FRANKFURT-Two years ago, Bayerische Motoren Werke AG did a radical redesign of its 7 Series sedan, and ended up making big waves among its fans. Now the German car maker is rushing to calm the waters.

BMW is working on a revamped version tentatively slated for launch in the second half of next year, about a year sooner than originally planned, people familiar with the matter said.

The touched-up 7 Series will still aim to present a striking look, but will modify some features that drew howls from purists, such as the front "face" of the car, its bulbous trunk and the dreaded iDrive interior control system, these people said. Peik von Bestenbostel, a BMW spokesman, said the company doesn't comment on cars that are still in development, but said BMW and other car makers typically refresh models every few years. Toyota Motor Corp.'s Lexus brand, for example, has just updated its top model, the LS 430. It has been on the market a year longer than the 7 Series, however.

The early redesign is a sign BMW went too far with the 7 Series. The car, which starts at about €72,400 ($84,476) in Europe, was the first of several vehicles designed to give the company a bolder, ultramodern look and feel. BMW hoped this would satisfy customer desire for more "curbside presence" in its top-of-the-line model.

When the 7 Series arrived in showrooms in 2002, some fans revolted. A "Stop Chris Bangle" campaign aimed at BMW's American chief designer sprang up on the Internet. BMW has defended the car, pointing out that this version of the 7 Series has outsold its predecessor in the U.S. and Asia. But it has flopped in Europe, especially with more conservative German and Swiss customers.

This year, even sales in the U.S. have softened. In the first nine months of this year, BMW has sold only 14,410 7 Series, down almost 12% from the same period a year ago, according to market researcher Autodata Corp. In September, sales were down 23%. Worse, some U.S. dealers have had to resort to discounts to sell the car, a tactic more familiar to down-and-dirty Chevys and Chryslers than a luxury make like BMW.

One of the main reasons for the hasty facelift is iDrive, a mouse-like knob that drivers use to scroll through a maze of menus to do anything from change the radio settings to turn off the seat heaters. It was supposed to be a leap forward in interior control, but it is so complicated it drives many customers crazy.

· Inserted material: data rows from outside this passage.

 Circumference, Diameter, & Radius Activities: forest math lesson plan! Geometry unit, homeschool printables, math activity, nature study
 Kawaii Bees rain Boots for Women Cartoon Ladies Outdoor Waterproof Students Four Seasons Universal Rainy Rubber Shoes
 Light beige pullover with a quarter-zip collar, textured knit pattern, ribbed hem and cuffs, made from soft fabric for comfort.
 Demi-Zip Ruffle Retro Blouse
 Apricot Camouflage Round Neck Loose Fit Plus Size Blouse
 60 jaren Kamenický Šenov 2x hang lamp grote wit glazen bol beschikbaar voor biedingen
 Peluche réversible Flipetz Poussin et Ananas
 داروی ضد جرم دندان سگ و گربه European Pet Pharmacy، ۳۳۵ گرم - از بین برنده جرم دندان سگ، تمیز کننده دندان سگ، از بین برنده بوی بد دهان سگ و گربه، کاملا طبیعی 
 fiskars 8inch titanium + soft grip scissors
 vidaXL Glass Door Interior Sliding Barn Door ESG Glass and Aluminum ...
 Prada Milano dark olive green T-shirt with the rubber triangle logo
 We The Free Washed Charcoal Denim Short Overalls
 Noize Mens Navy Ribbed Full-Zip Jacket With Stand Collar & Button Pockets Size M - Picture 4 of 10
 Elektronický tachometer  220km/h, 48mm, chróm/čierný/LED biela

"The car is just wonderful to drive. The handling is incredible," said Thomas Tucker, owner of a 2002 7 Series in Mountain Brook, Ala. "But this iDrive is insane. You have to take your eyes off the road or stop to see where you push the knob, turn the knob. I think it's dangerous, if you're driving."

Dealers selling competing models from Lexus and Mercedes-Benz have been trying to use iDrive to their advantage, too. Andreas Stege, who runs a Lexus dealership in Osnabruck, in northern Germany, tells prospective buyers to hop in and drive off in an LS 430 for a hour or so. "Anyone who's driven a 7 Series knows you can't just take the keys and go," he smirked. "You have to spend a hour reading the manual."

BMW also is taking out some of the curves in the 7 Series' headlights and grille to make them more conservative, said a person who has seen prototypes of the new version. The odd-looking trunk, which was the result of a last-minute change to ensure enough room for four golf bags, will be tweaked so it doesn't quite look like it was glued on as an afterthought, the person said.

Write to Neal E. Boudette at [email protected]

Updated October 30, 2003


----------



## Mr. The Edge (Dec 19, 2001)




----------



## beware_phog (Mar 7, 2003)

atyclb said:


>


So no hope for a firesale? Oh well...


----------